あまりにも一瞬の出来事でヴィニーはたじろぎ、弾丸は致命傷をそれて頭骨の中に潜んだ『何か』に命中した。
それでもヴィニーを仕留めるには不十分で、大きく下がってましろを睨む。
「貴様......!」
初めて動揺を見せたヴィニーに対し、ましろはフードを取り去り、
まもなくして元のユニの姿に戻って正体を現した。最初から教団に入信する少女など存在しなかったのだ。

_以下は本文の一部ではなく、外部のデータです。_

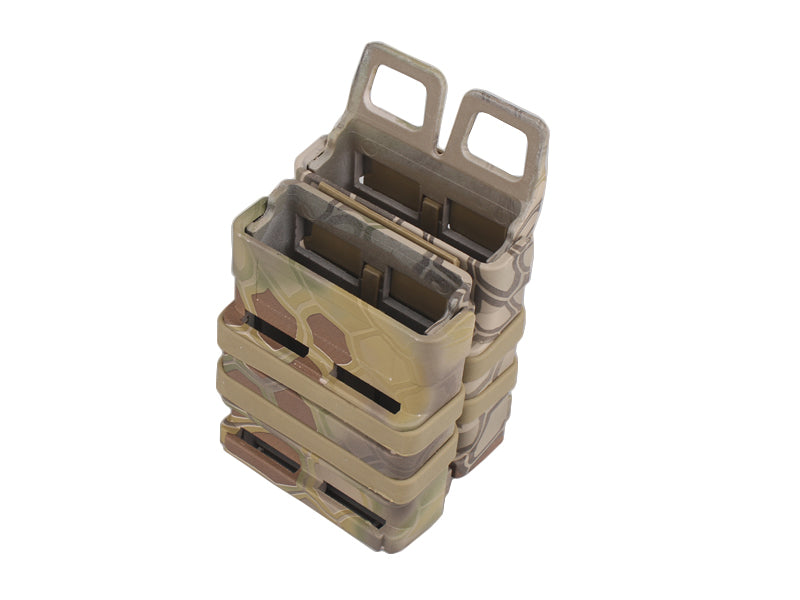 Emersongear Fast Mag Friction Gen 3 Dual Magazine Pouch, Mandrake Camo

「あなたみたいな下っ端についていくわけないじゃない。大層な教えを説いてる暇があったら、女の子の誘い方でも勉強したら?」
もしここにソラやあげはといったましろの人となりをよく知るがいたならば、顔が見えにくい状態で教会に足を踏み入れた時点であからさまな違和感を覚えただろう。
だがヴィニーはそうではなかった。ましろの能力にのみ着目し、彼女の内面に興味を示さなかったヴィニーには気付けなかった。だからこそ、簡単にユニの接近を許してしまった。
「出てきていいわよ」
ユニの合図で足元の影からツバサとましろが出てくる
ましろに化けたユニが入信するフリをして近づき、不意打ちに近い形で終わらせる。最初からそういう作戦だったのだ。
「あの、その骨が宇宙人ですか……?」
「違うわよ。どうせ本体はどこかで様子見してるんでしょ。牛のお化けっていうから何かと思ったけど、ま、教団がどんなとこか考えれば対策は楽だったわね」
ヴィニーの頭を構成していた頭骨の隙間から、黒いガスのようなものが漏れている。ノイズ交じりの音声を出しながら、ましろを確保しようとしているのか、必死に手を動かして呻いている。
ユニはそんなヴィニーを無視して、床に落ちた頭骨を持ち上げ、中に手を入れると、裏に張り付いていた機械を引きはがし、ピッキングツールを使って分解していく。
「どうやってエネルギーを確保してるのか謎だったけど、これが使われてたのね。本当、腹が立つわ」
ヴィニーが操作していた機械を分解し、中から虹色の光を放つ小さな石を取り出した。ブローチに使われるような大きさだが、ユニは苦虫を嚙み潰したような顔で宝石を睨んでいる。
ユニがそれを懐にしまおうとした時、ましろがすかさず黒い腕を伸ばしてユニから宝石を取り上げた。
「ちょっと、返しなさいよ。それは私の戦利品よ」
「嫌だよ。だって機械を動かせるほどのエネルギーがあるなら、私はもっと強くなれるんでしょ?」
泥の塊が宝石の下に集まり、別の物へと姿を変える。
やがて宝石はクリアブラックのスカイトーンへと姿を変えた。以前ましろが手にした漆黒のスカイトーンとは違って光沢があり、教会の天井からわずかに差した光を反射して光を放っている。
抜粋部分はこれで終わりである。